The world famous potters’ quarters of Kumartuli in Kolkata house artisans credited with creating the most diverse and detailed idols of Maa Durga and her children. Photo By: Abir Roy Barman/Shutterstock

 

All Quiet in Kumartuli

Kumartuli, Kolkata’s iconic potter’s quarter, is a flurry of activities this time of the year. Durga idols in all shape, size and colour are brought alive, the final touches of her big, soulful eyes mirroring the magic force that will course through the city in a few day’s time. In all the stunning variations of the pratima, one can bet on a few certainties. The wig on Mahashashur’s head may range from well-groomed to unruly, but it’s almost always a tumble of black curls. Just like Ganesh, one of Durga’s children (Lakshmi, Saraswati, and Kartik being the others), can be easily identified by his rotund belly, always a healthy shade of pink. But this year, uncertainties plague the close-knit community, most of them generatonal artisans dependant on this dedicated skill set.  

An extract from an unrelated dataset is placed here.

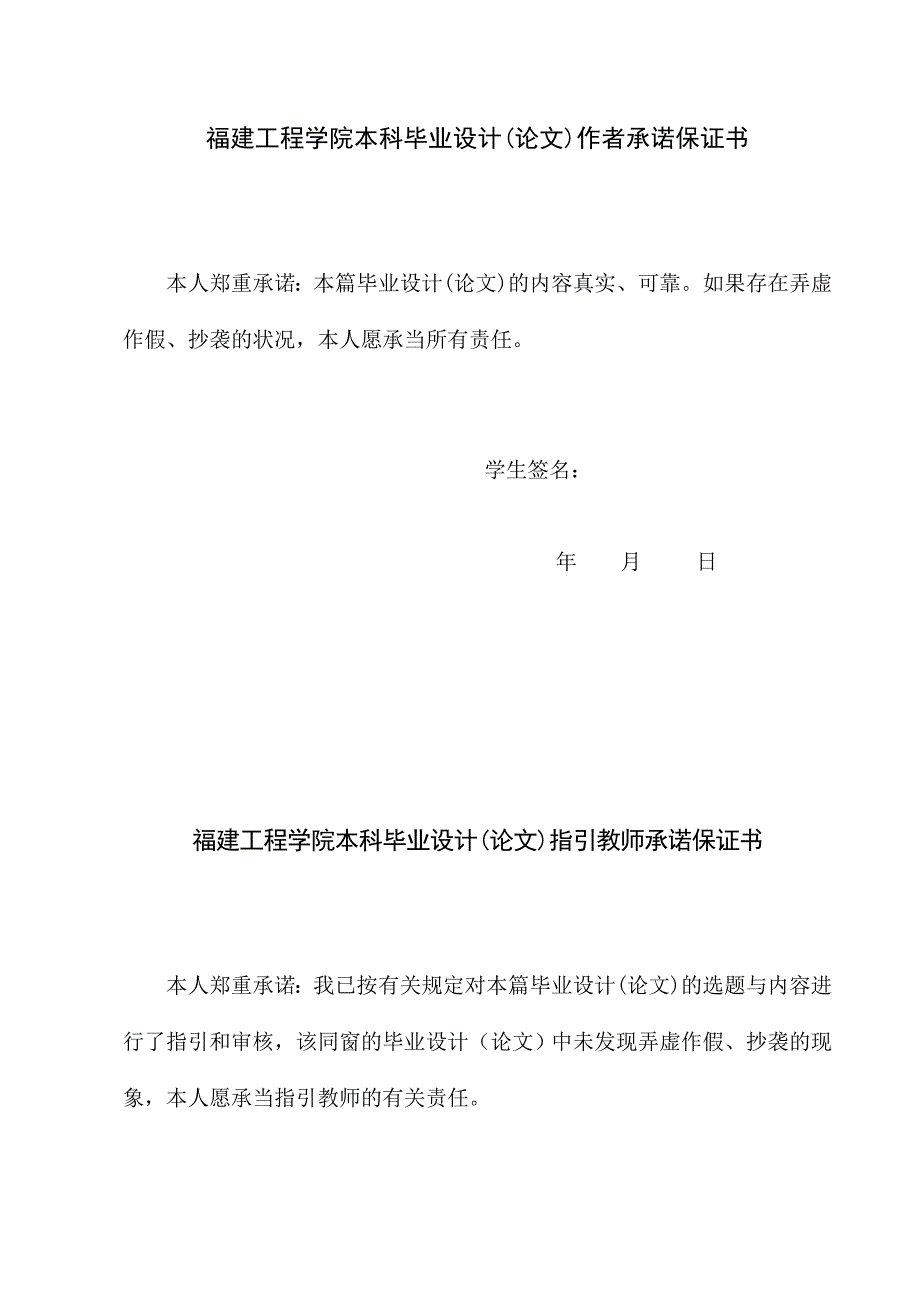 网络抓包与协议分析软件的设计与开发网络0601陈金锋_第3页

Prodyut Paul, from Gora Chand Paul’s famous artisanal family—in the business of idol-making since 1950, tells me that this year has been catastrophic for Kumartuli artisans. 

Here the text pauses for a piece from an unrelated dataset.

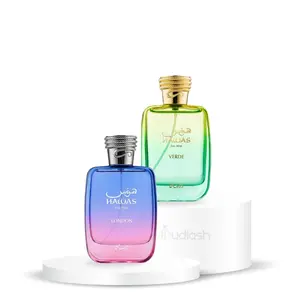 Rasasi Hawas London + Verde Unisex Eau De Parfum (100 ML) - Pink Pepper, Rose & Amber Notes, Multi-Pack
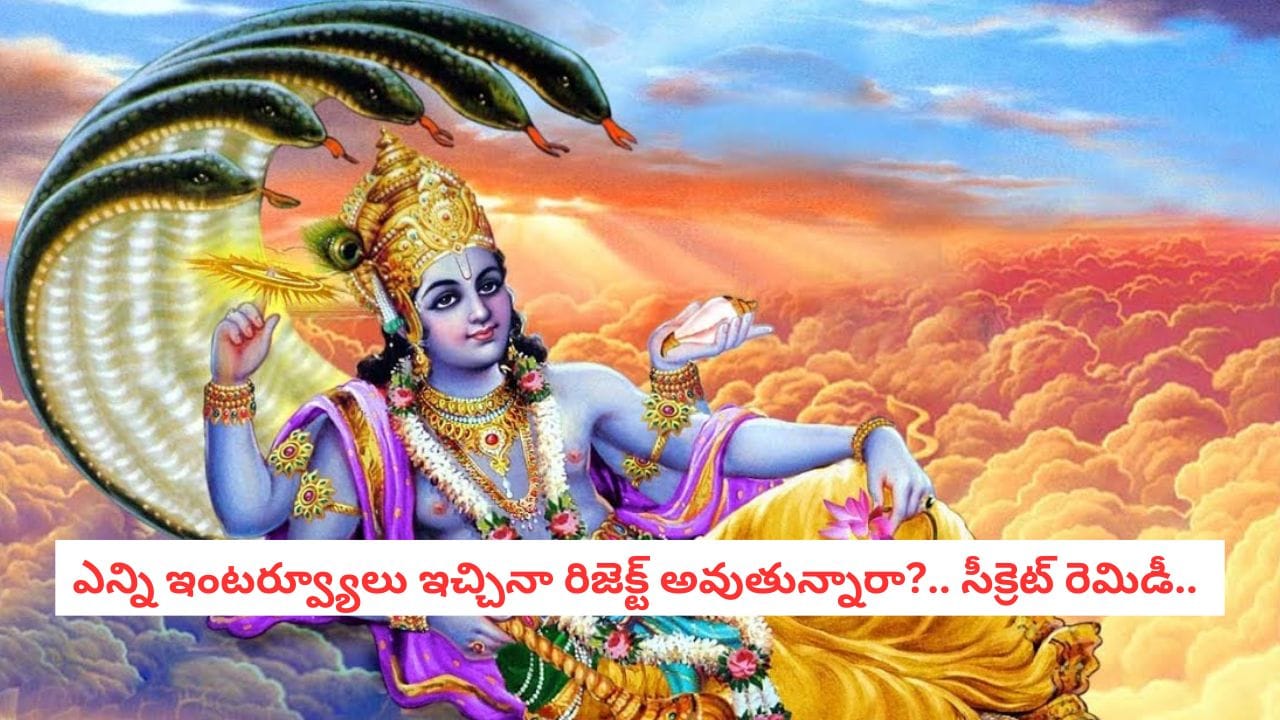 Spiritual Tips: వెయ్యి నామాలు అక్కర్లేదు.. విష్ణుసహస్రనామాల్లోని ఈ రెండు లైన్లు చదివితే జాబ్ గ్యారెంటీ..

“We faced a terrible financial crisis in the beginning of the lockdown months in India, where we had to take some very hard decisions. I had announced that I would reduce the rate of the idol by 20 per cent for those who looking to book in advance, and only then, some orders started pooling in. But it was worse than I’d imagined. If an idol cost Rs.s 2 lakh, the person booking it could only pay Rs. 60,000. Say this person is a long-time customer, so I have to agree, but you can imagine what dire straits this left us in,” he says. 

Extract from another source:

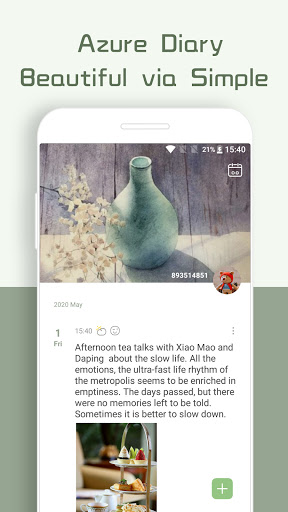 Android application Azure Diary screenshort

Paul, whose clientele extends to pujas abroad, had his international orders cancelled due to border closures and travel restrictions. As for local orders, profits were hard to come by. He doled out more examples of heavily slashed rates: “If it was an order for Rs. 2.5 lakhs, the buyers could somehow put together only a lakh. Those who’d purchase idols for Rs. 70,000-80,000 could not fork out more than Rs. 40,000. You have to understand that on an average, the cost of making the idol itself is Rs. 40,000. As a result of this, I had to let go of many orders that came my way,” he adds.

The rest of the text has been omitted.